• Work order:
Repeat all of the data below word for word, keeping no images.

• The data:
****************
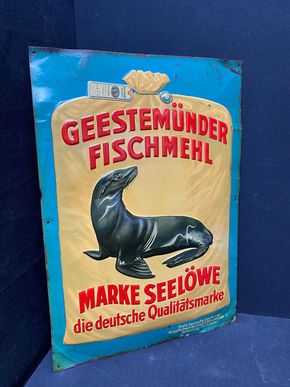 Geestermünder Fischmehl Marke Seelöwe (Stark gerägtes Blechschild um 1920)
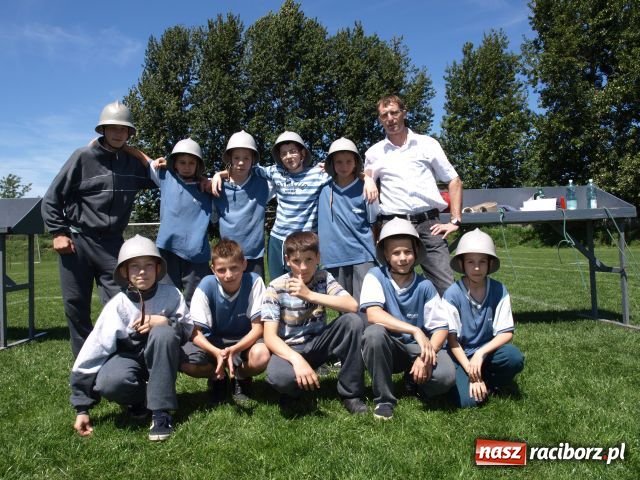 Zdjęcie w galerii na portalu naszraciborz.pl: OSP Nędza mistrzem 2009 wiadomości z regionu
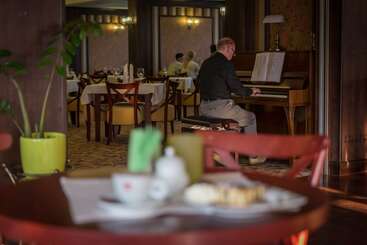 هتل Kryształ Conference & Spa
****************
• Answer box:
 Geestermünder Fischmehl Marke Seelöwe (Stark gerägtes Blechschild um 1920)
 Zdjęcie w galerii na portalu naszraciborz.pl: OSP Nędza mistrzem 2009 wiadomości z regionu
 هتل Kryształ Conference & Spa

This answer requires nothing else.